Entrevista:O Estado inteligente

sexta-feira, abril 16, 2010

Luiz Garcia Dois generais

O Globo - 16/04/2010

No último fim de semana, a Globo News botou no ar uma entrevista do bravo Geneton Moraes Neto com o general Newton Cruz. Para os muito jovens e os mais velhos que já esqueceram, o hoje octogenário oficial foi, durante o regime militar, a linha dura em pessoa. Mas sua fama era, principalmente, a de um oficial destemperado e zangado. Quem se opunha à ditadura não concordava com uma só de suas ideias e posições, mas não ficou registro ou suspeita de que participasse do lado mais negro do regime militar: a tortura, e muitas vezes o assassinato, de quem lutava contra ele.

Newton Cruz nunca protestou contra os vícios do regime, mas jamais foi acusado de estimular a brutalidade com que eram tratados os cidadãos que recorriam à luta armada contra o regime das armas, ou apenas a apoiavam. Pelo visto, ele era mais violento no grito do que nas ações. É, claro, uma ressalva relativa: Cruz apoiava e foi peça importante no regime de força.

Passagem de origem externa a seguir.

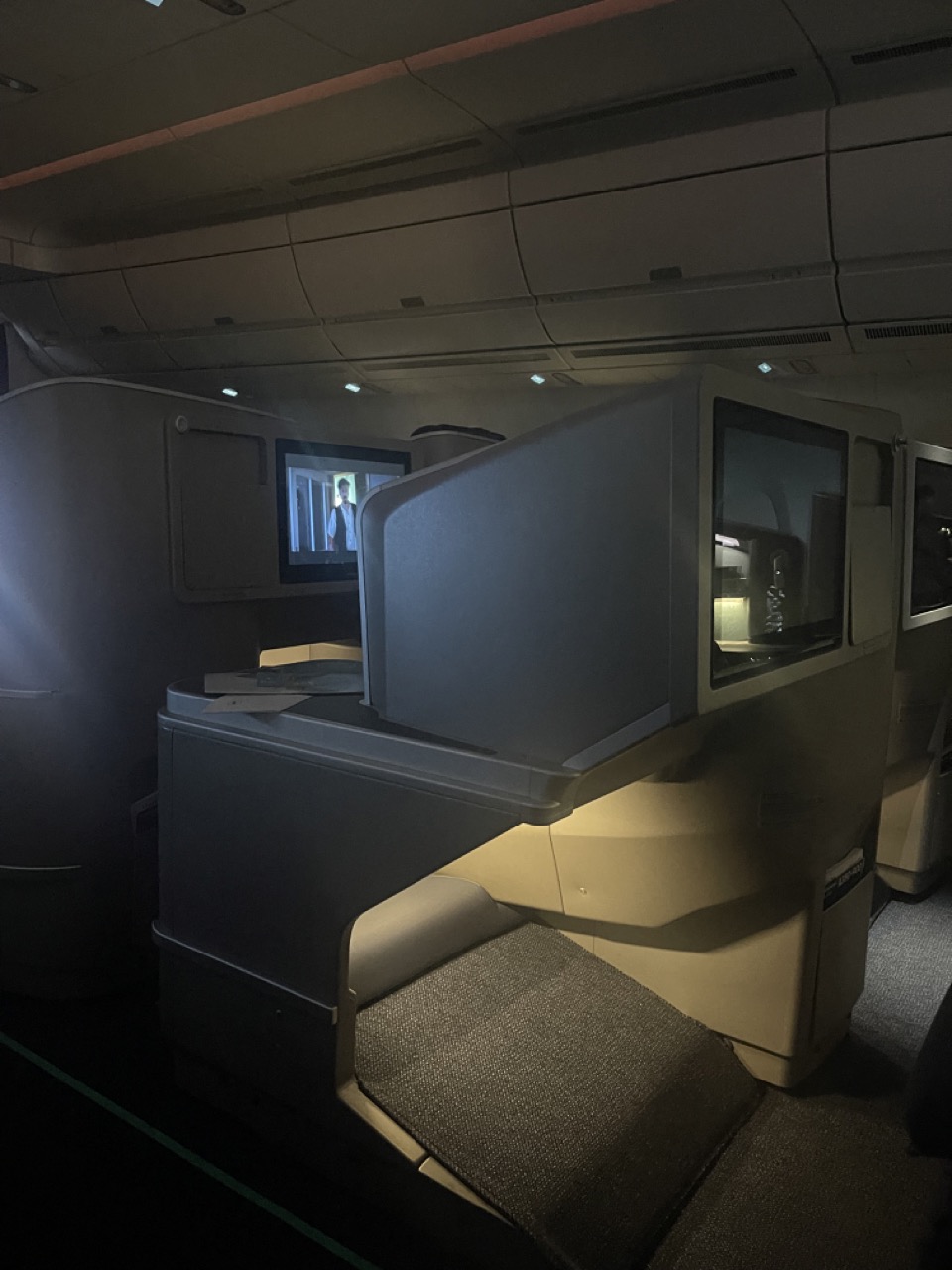 Lufthansa_business_class_airbus_dimmed_cabin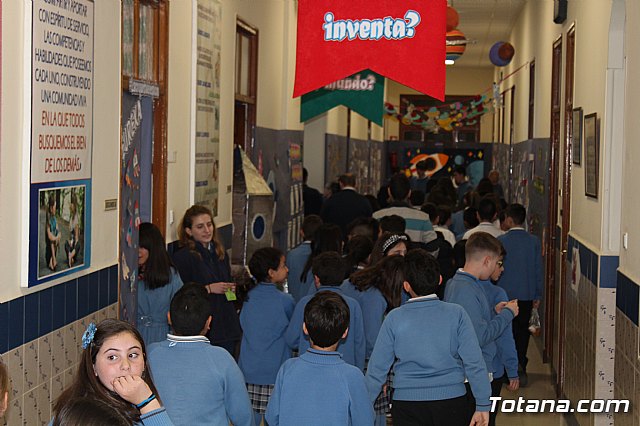 Autoridades municipales asisten a la jornada “Celebracin del aprendizaje” en el Colegio “La Milagrosa” - 21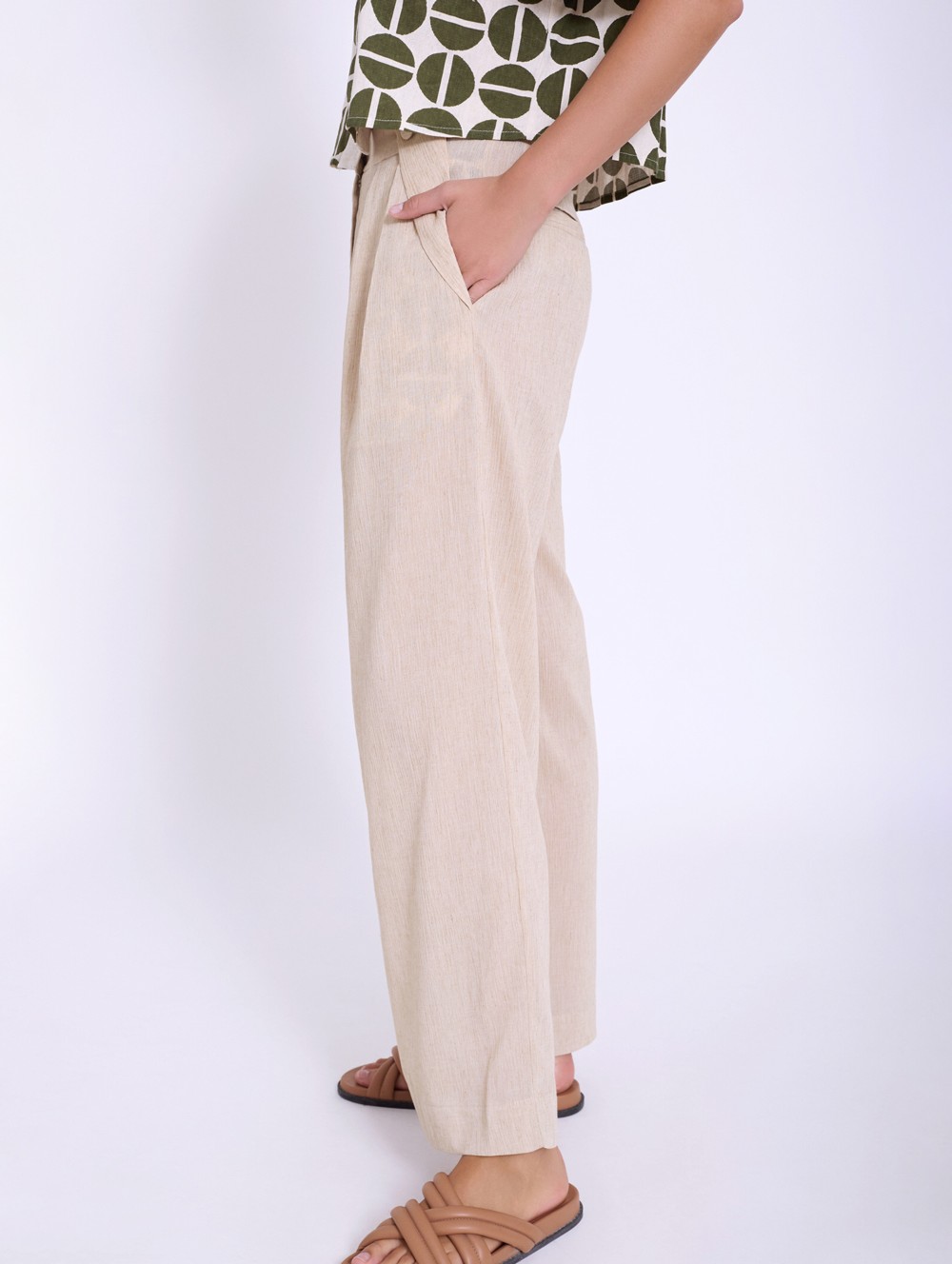 Pantalón lino con pliegues 2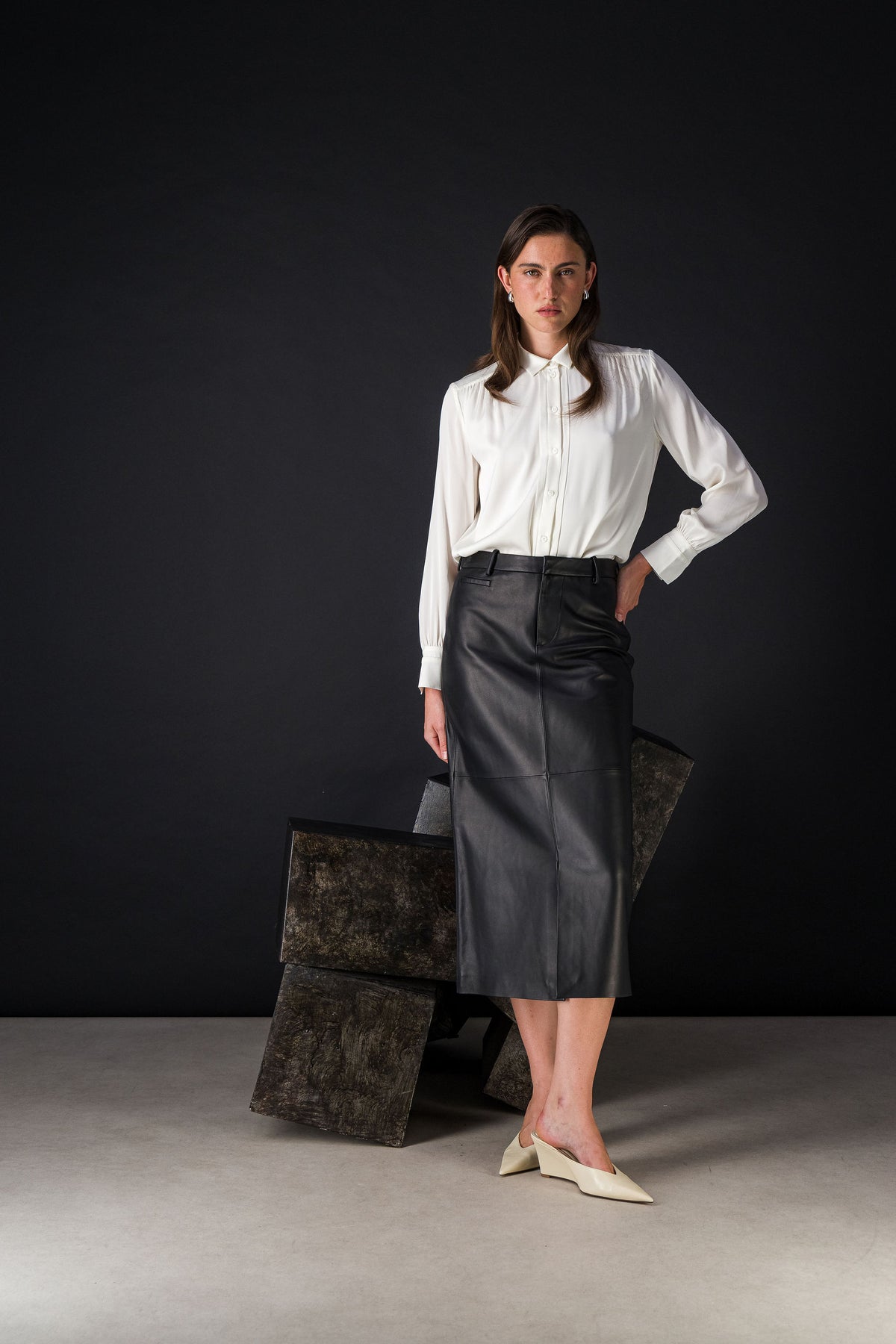 Chemise fluide en soie col chemise blanc cassé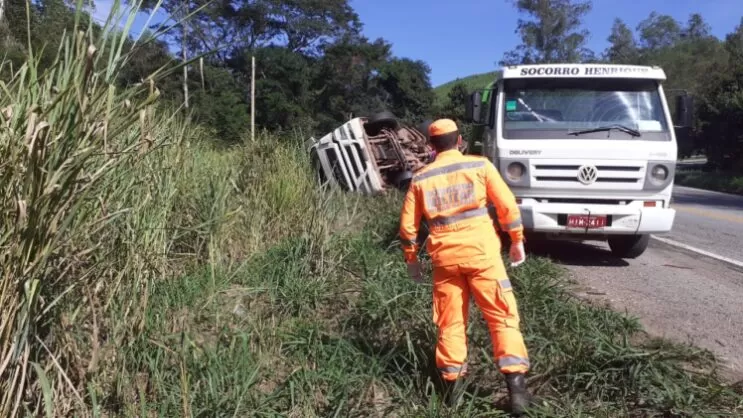 carreta-tomba-com-bobinas-de-arame-na-br-381-em-barao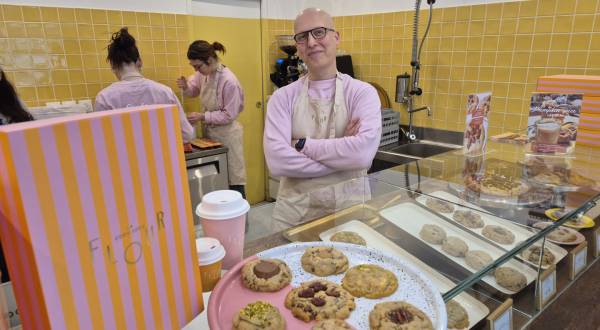 Julien dans son salon de thé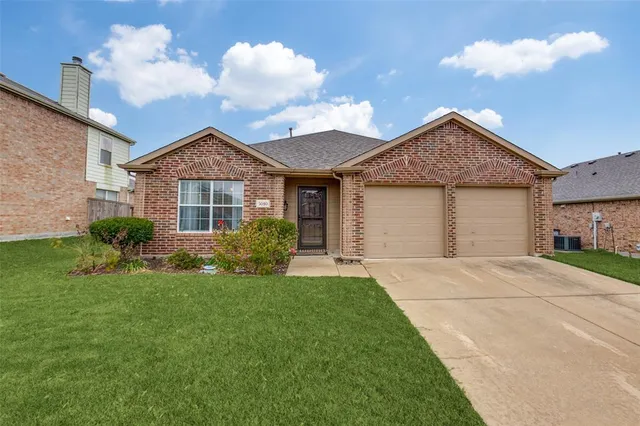 $2,400 | 3010 Sawgrass Drive, Wylie, TX 75098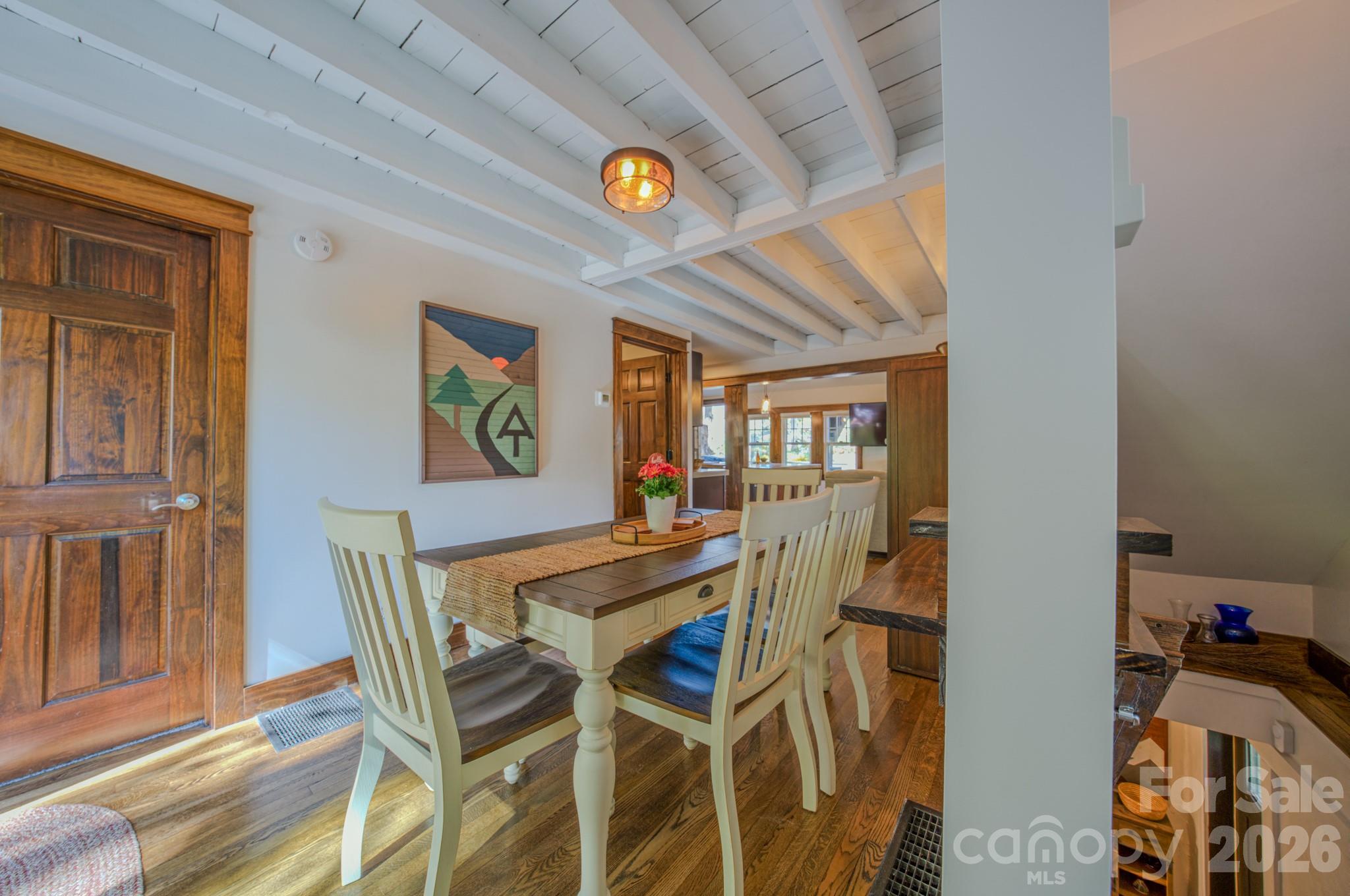 597 Tomahawk Avenue Property Photo 20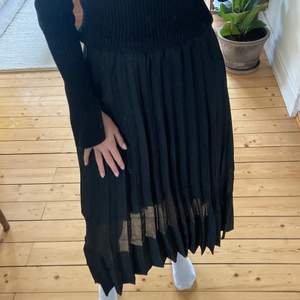 Säljer denna svarta veckade långa kjolen från NA-KD 💙kjolen kommer tyvärr inte till användning. Kjolen har en transparent rand (se bild) Köparen står för frakten! Svarar gärna på frågor och skickar fler bilder 😍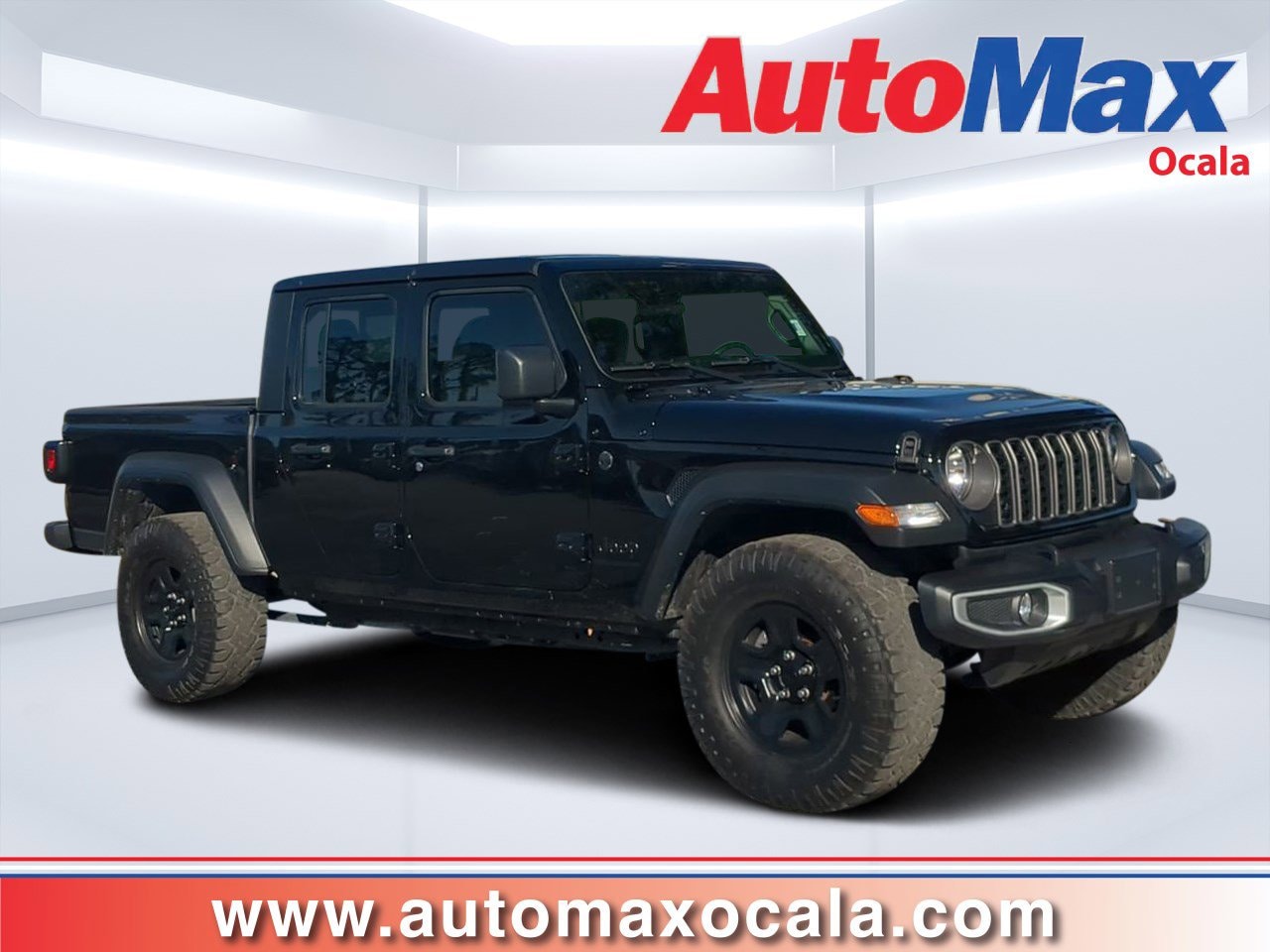 2025 Jeep Gladiator Sport Auto's photo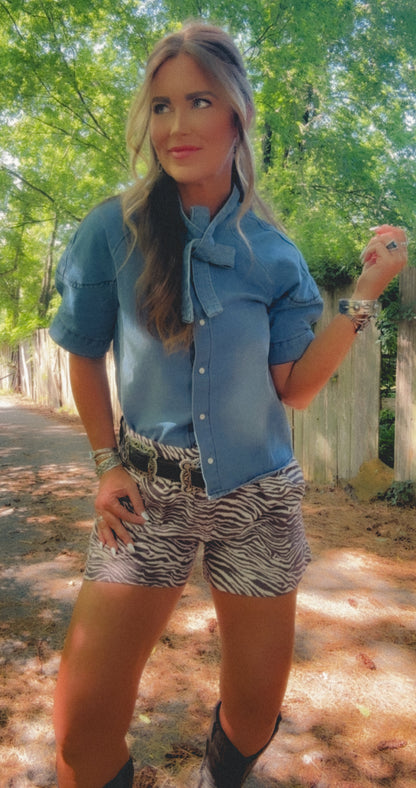 Stripe A Pose Shorts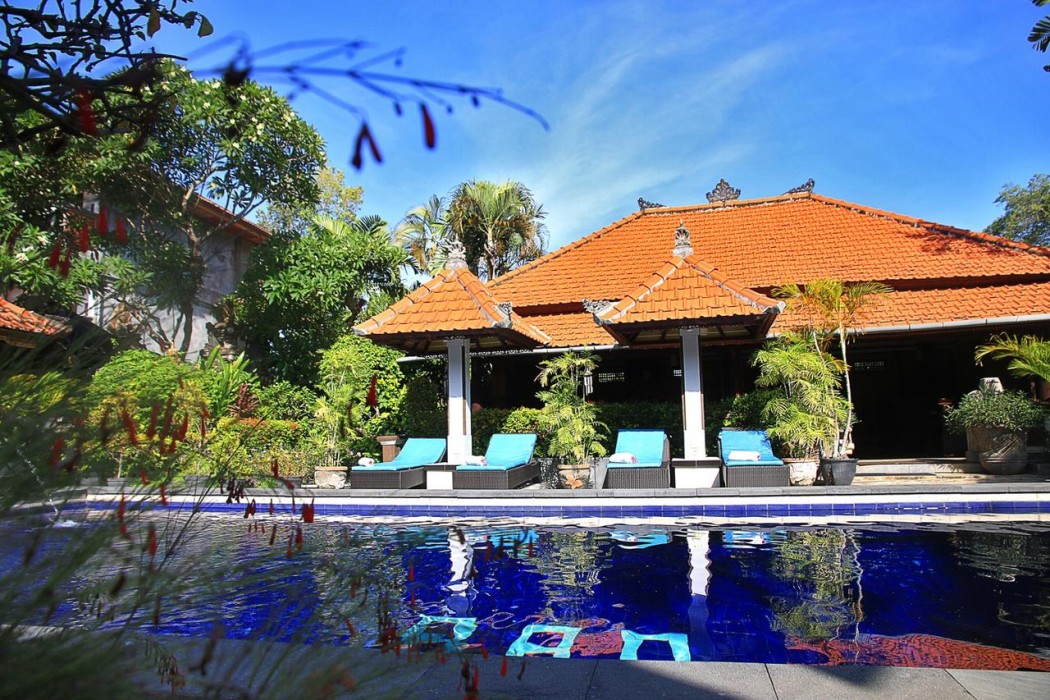 Dewa Bharata Bungalow Legian 2/20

Seja como for, o que chama a atenção agora é o contraste entre a entrevista de Newton Cruz e outra, da mesma série, do general Leônidas Pires Gonçalves, ministro do Exército da mesma ditadura.

Newton, apesar da fama de bravo e desabusado, não defende os excessos dos governos militares. Para Leônidas, que nunca teve a reputação de um zangado linha-dura, a ditadura não errou jamais.

Chega ao absurdo de, até hoje, defender a tese absurda de suicídio para o assassinato do jornalista Vladimir Herzog numa cela do Dops de São Paulo.

Governos democráticos erram muito.

O que os redime e justifica é a visibilidade e aceitação dos erros e os esforços, bem ou malsucedidos, para repará-los. Ditaduras também erram, mas não têm essa válvula de escape. O regime de 64 no Brasil começou a acabar quando as mais sensatas cabeças entre os militares perceberam que seu maior inimigo não era a oposição de guerrilheiros, intelectuais e estudantes, mas o acúmulo de vícios inerentes a todo regime de força. Principalmente, a ausência de autocrítica e a proibição da crítica das arquibancadas.

É curioso: tantos anos passados, o linhaduríssima Newton Cruz fez as pazes com a História — e Leônidas, que não se opôs à transição para o regime democrático comandada por Golbery do Couto e Silva, ainda se sente na obrigação de defender os excessos criminosos inerentes a todo e qualquer regime de força.